The plot shows the historical harvest yields of feed grains in the USA from 1929 through 2024 for Barley, Corn, Oats, and Sorghum. This data was sourced from: USDA Feed Grains Database (Table 1) and formatted in Excel for a cleaner upload. With the amount of acres harvested (in millions) on the x-axis, the amount of bushels produced on the y-axis, and the size of the point linked to the yield per acre, we observe several patterns:

  1. The amount of land dedicated to corn in 2024 is roughly the same now as it was nearly 100 years ago. It reached its minimum value in the mid-1960’s, and has rebounded through current day, all the while total production was increasing almost every year due to the increasing amount harvested per acre.
  2. Over time, the diversity of crop plantings have diminished. Corn has taken over as the most-farmed grain at the expense of the other feed grains.
  3. All crops yield more per acre over time regardless of total acres planted. This is likely due to changing farming practices over time.

The data behind this chart had older history; however, sorghum wasn’t added to the database until 1929, so I decided to start at that point.
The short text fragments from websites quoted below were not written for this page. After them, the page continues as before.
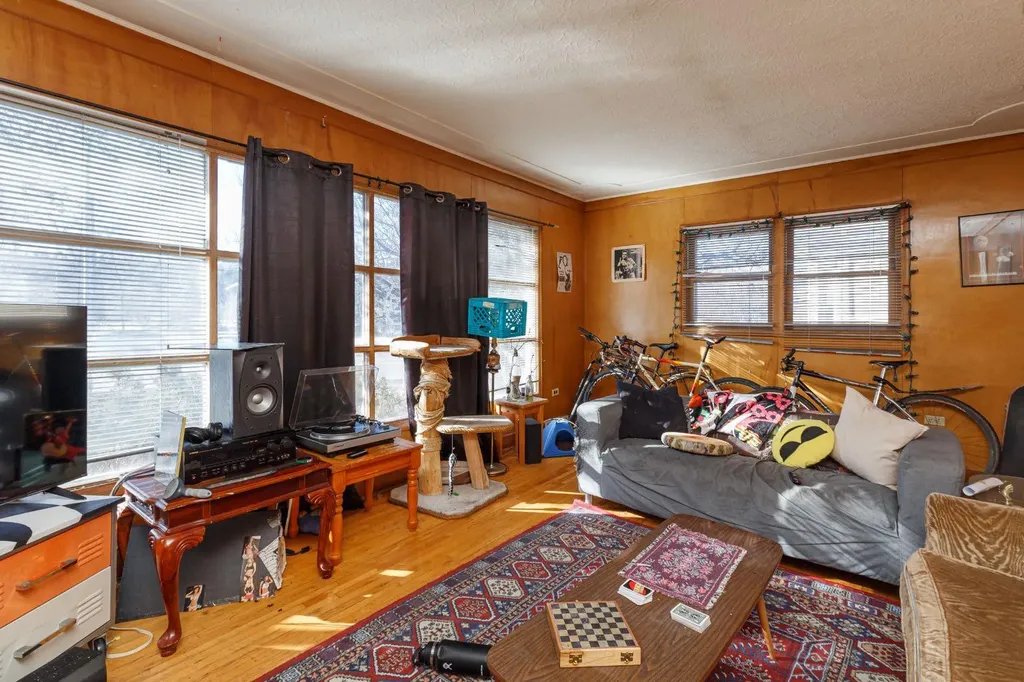 2824 Parkdale Boulevard NW Calgary AB t2n 3s8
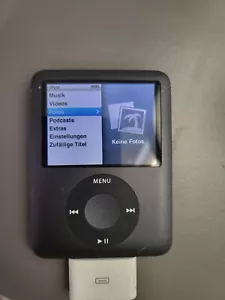 Apple iPod Nano 3. Generation 8 GB A1236 black MP3 Player - Bild 1 von 2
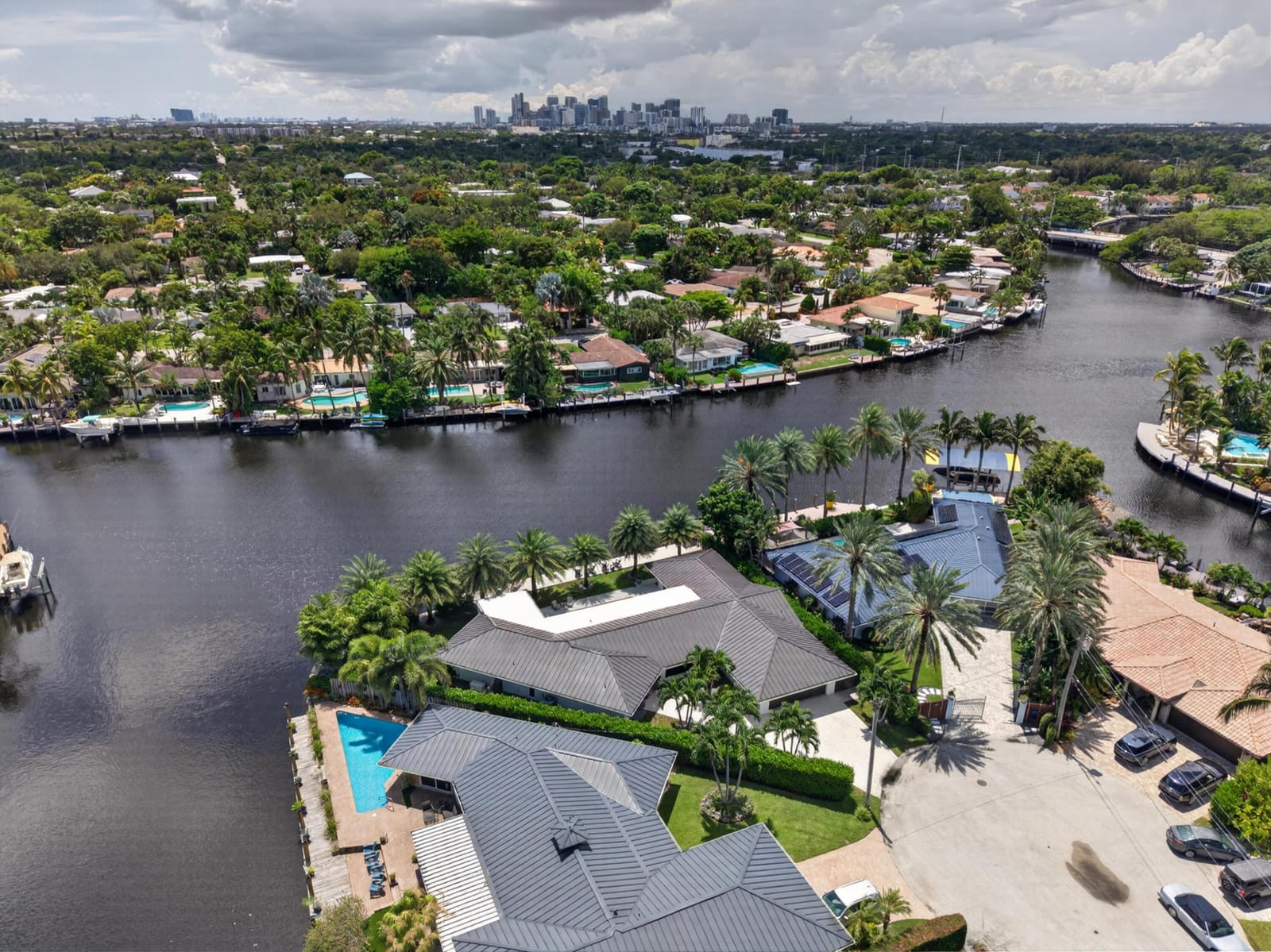 2118 NE 15TH Terrace, Wilton Manors, FL 33305 photo 2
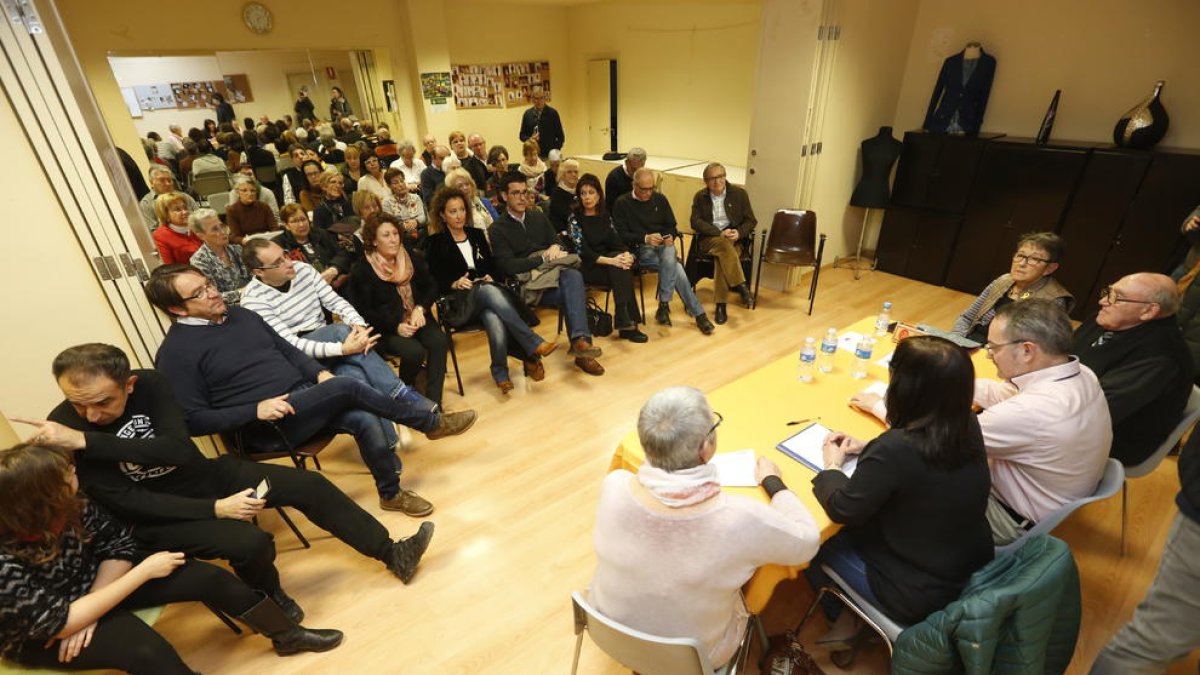 El local de l’associació està ubicat al carrer Taquígraf Martí.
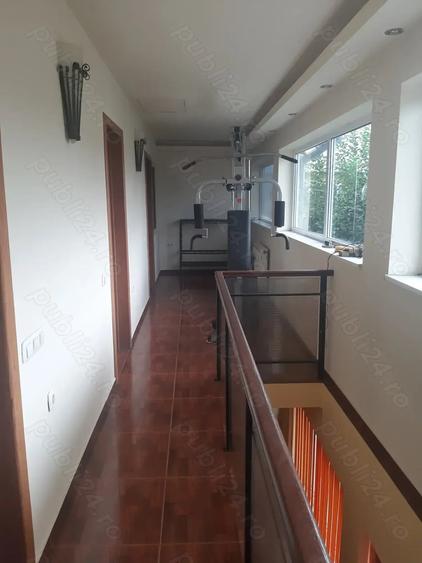Casă cu 5 camere în Roșu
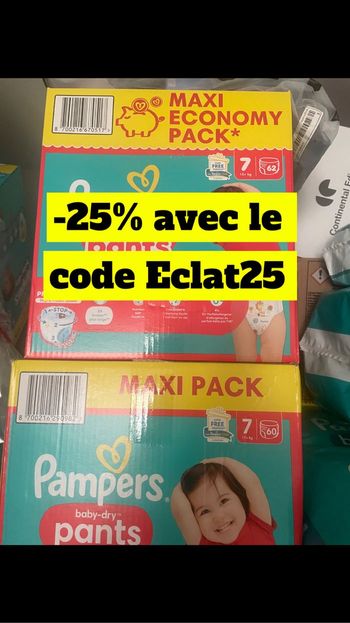 Deux paquets de couches culottes taille 7
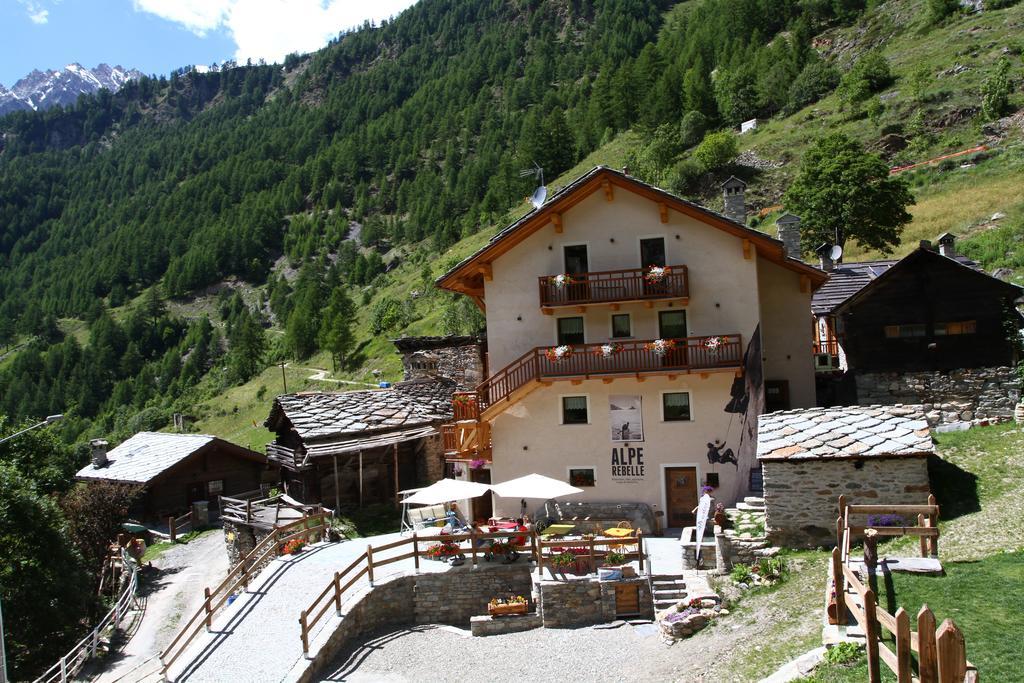 Alpe Rebelle Bed & Breakfast Bionaz Exterior photo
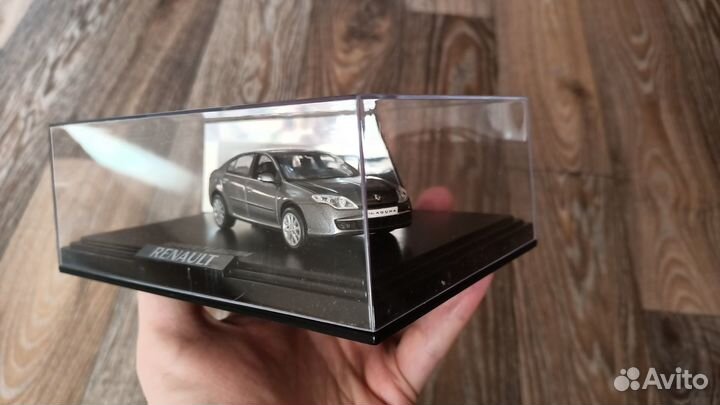 Модель автомобиля Renault Laguna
This allowed both Sorghum to be included as well as to not make the animation longer than necessary. Over time, corn’s dominance made the graph hard to visualize, so a log scale was used to better visualize all data points concurrently with the y-axis. Additionally, coding marker size to yield per acre necessitated playing with marker size options to emphasize how much yields have changed over time. I started with an “area” fill and moved to a “diameter” fill to better convey this information.